### SOURCE MATERIAL:
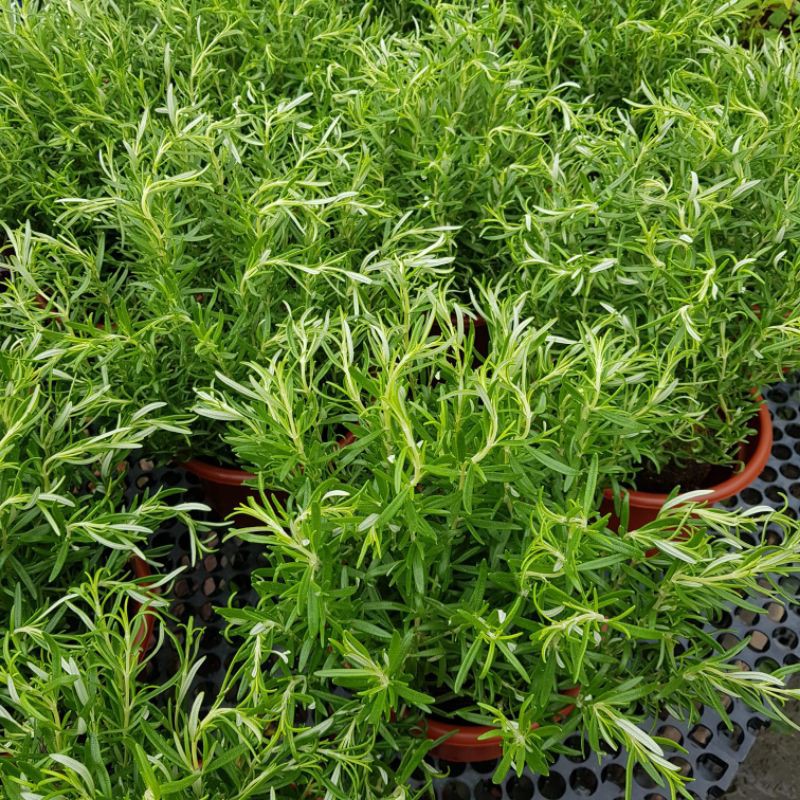 Rosemary Edible Herb Plant, its fresh and dried leaves are
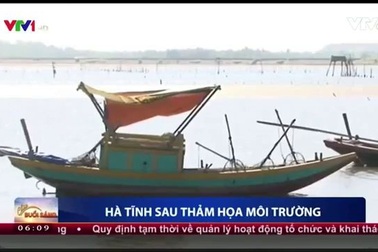 Ngư dân Hà Tĩnh khốn đốn sau thảm họa môi trường do Formosa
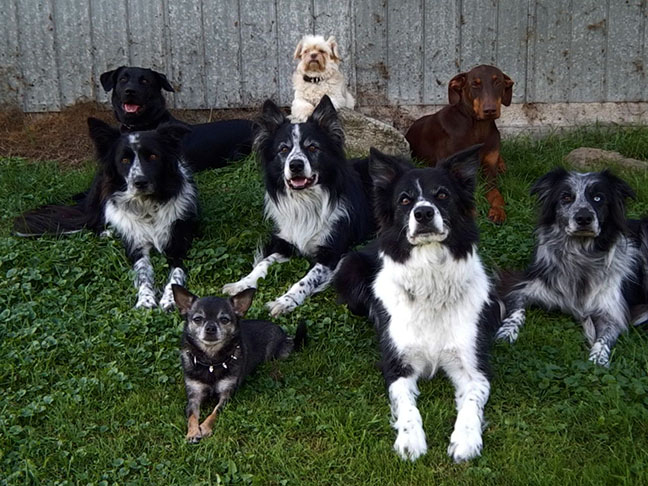 Cours de dressage de chien, école avec des maîtres-chiens Cours de dressage de chien, école avec des maîtres-chiens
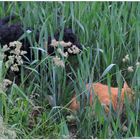 Fuchsie und Wicky-Emily verstecken sich im Weizenfeld (Zorrito y Wicky-Emly juegan al escondite)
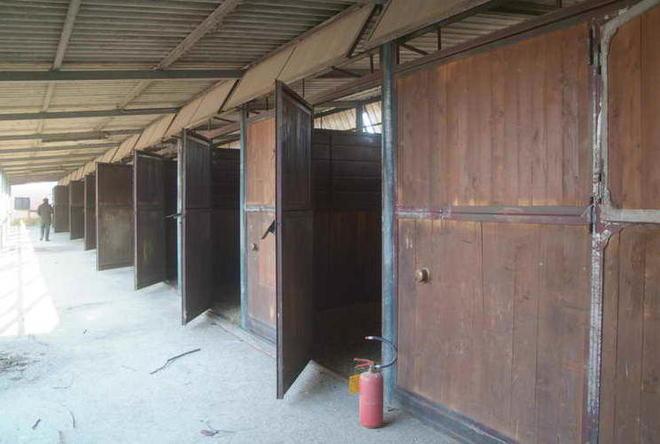 Il Comune vende il Club ippico 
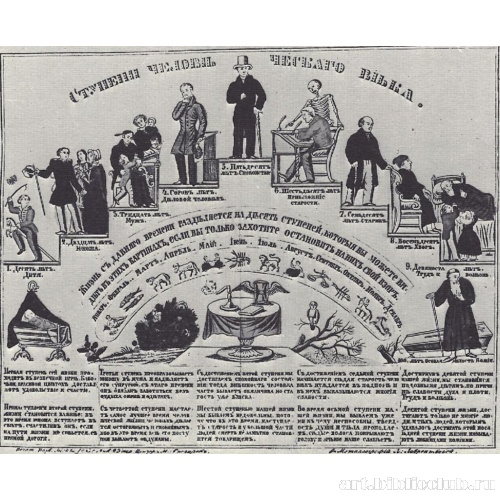 Этапы человеческой жизни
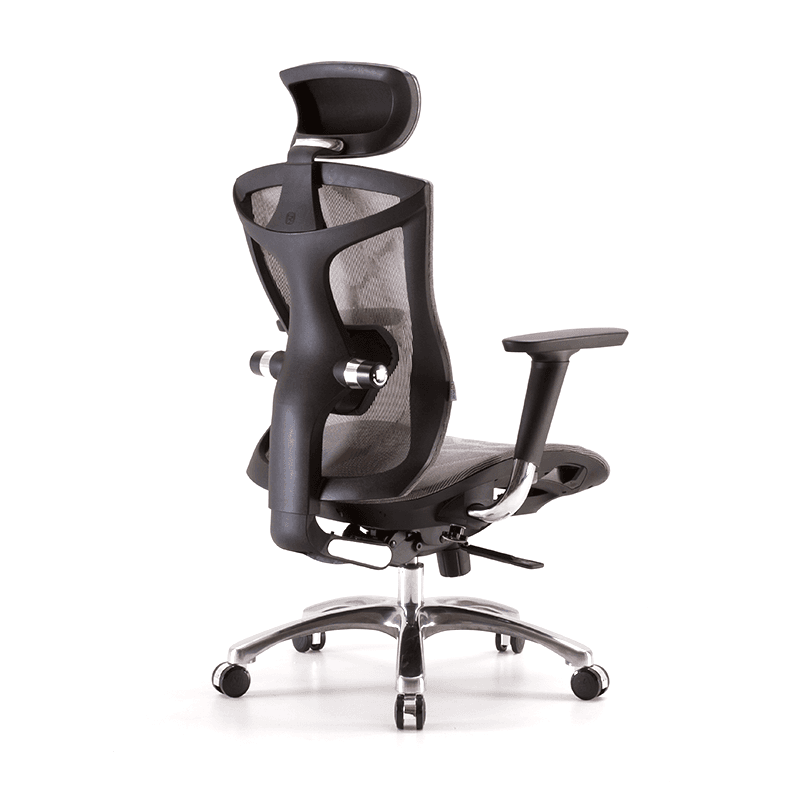 Ghế Văn Phòng Cao Cấp Ergonomic ERC-01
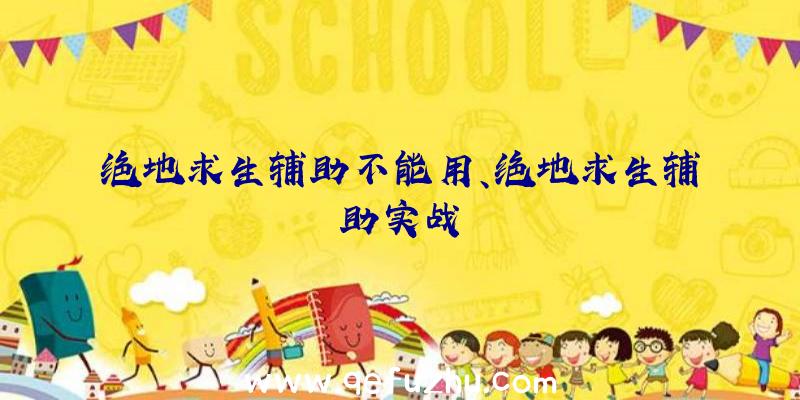 绝地求生辅助不能用、绝地求生辅助实战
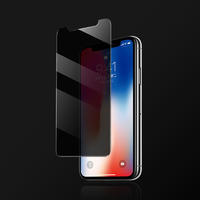 2.5D 9H Hardness Anti-Spy Privacy Tempered Glass Screen Protector For iPhone X/Xs/Xr/Xs Max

### WORK TASK:
Each record should be given again exactly, with no picture carried over.

### OUTPUT FOR THIS EXERCISE:
 Rosemary Edible Herb Plant, its fresh and dried leaves are
 Ngư dân Hà Tĩnh khốn đốn sau thảm họa môi trường do Formosa
 Cours de dressage de chien, école avec des maîtres-chiens Cours de dressage de chien, école avec des maîtres-chiens
 Fuchsie und Wicky-Emily verstecken sich im Weizenfeld (Zorrito y Wicky-Emly juegan al escondite)
 Il Comune vende il Club ippico 
 Этапы человеческой жизни
 Ghế Văn Phòng Cao Cấp Ergonomic ERC-01
 绝地求生辅助不能用、绝地求生辅助实战
 2.5D 9H Hardness Anti-Spy Privacy Tempered Glass Screen Protector For iPhone X/Xs/Xr/Xs Max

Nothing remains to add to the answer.